Through flashback and story, the audience soon discovers the relationship between Martel and Cruz’s Lena, a boss and secretary that formed a close bond when helping to cure her father of cancer. We then see inside a locked drawer of Caine’s desk, filled with photos and memories he has shut away with his loss of sight. Images of him and Judit on vacation direct our minds towards a possible affair, but the reason Diego looks in the drawer is to find an image of a strange visitor that just left: director Ray X.
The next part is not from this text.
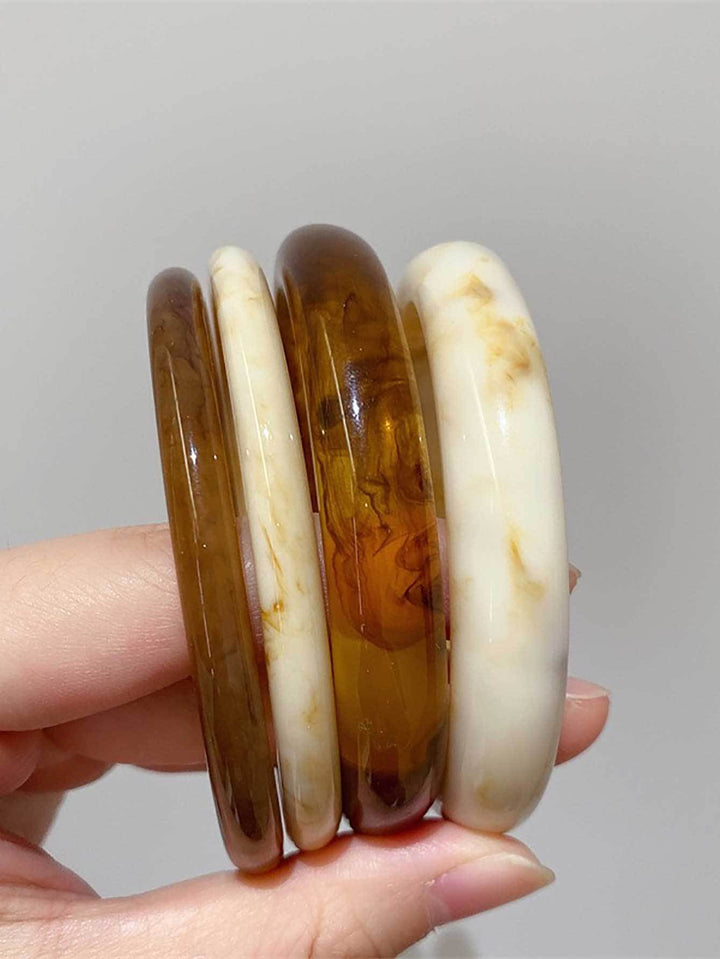 Vintage Amber Resin Thin Bangle Bracelet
It’s quickly revealed that Ray is in fact Martel’s son as a past acquaintance of Caine’s sheds light on why the deceased man’s name struck such a cord. You see, there’s also a photo of Lena hiding away amongst those images, pushing the story forward by going back fourteen years to tell us about the love triangle that existed—and the deceit and horrible tragedy that soon resulted. Repressed back into the recesses of his mind, Caine did his best to forget his previous life, instead looking toward to the future with Judit and Diego by his side while carving out a new legacy. All it takes is one visit from the past to stir up old feelings that can no longer stay in the shadows. Caine must tell Diego the story, not only to ease the boy’s anger at Judit for keeping it from him, but also to go back and relive his happiness despite the pain endured.

By going back and forth through time, Almodóvar shows the audience how the relationships between characters changed over the years. We see how close Judit and Caine are in the present, but then the distance and jealousy of the past. We know of the life Lena lived trying to break into acting, but also the jubilant demeanor of her love when a real shot at success presents itself. As viewers, we infer and hypothesize what might have happened to change these connections. Some of these guesses prove correct, but the bonds between them have a much deeper and darker hold than the surface reveals. Love may drive everyone to seek out happiness, but it is fear that keeps them all from ever really reaching pure joy. Fear keeps the secrets hidden and fear makes their discovery rife with vengeance and hatred. This is Pedro at his best, delving into the core of emotive being. Bringing forth one’s desires to show the constant tug between love and heartbreak, and how one cannot exist without the other.

Maybe he’s so successful at melodrama because he gets talented actors to speak his words, something those television soaps can’t afford. Cruz is beautiful and vulnerable and the epitome of a broken person desperately trying to be whole for once in her life. Homar is magnificent in dual roles with Mateo’s zest for life and Caine’s sorrowful heart weighing him down. And Blanca Portillo shows her range as the friend/possible lover watching as Mateo/Caine morphs between personas, all the while knowing the part she played in the transformation.

Everyone, including José Luis Gómez as Martel, Rubén Ochandiano as Ray X, (going from flamboyancy—the running and haircut were almost too much—in flashbacks to the hardened man he becomes as a result of his father in the present), and Tamar Novas as Diego, bring a sense of realism to the film by bolstering the leads and causing the immense tension prevalent throughout. The drama is high with a mix of humor—the movie being shot by Mateo and Lena is a comedy after all, an interesting juxtaposition with all the tragedy going on behind the scenes—and Pedro masterfully weaves it all together by connecting the broken memories and lives left behind to open ours and the characters’ eyes to what really occurred fourteen years previously. Everything that led to the tragic night that changed them all.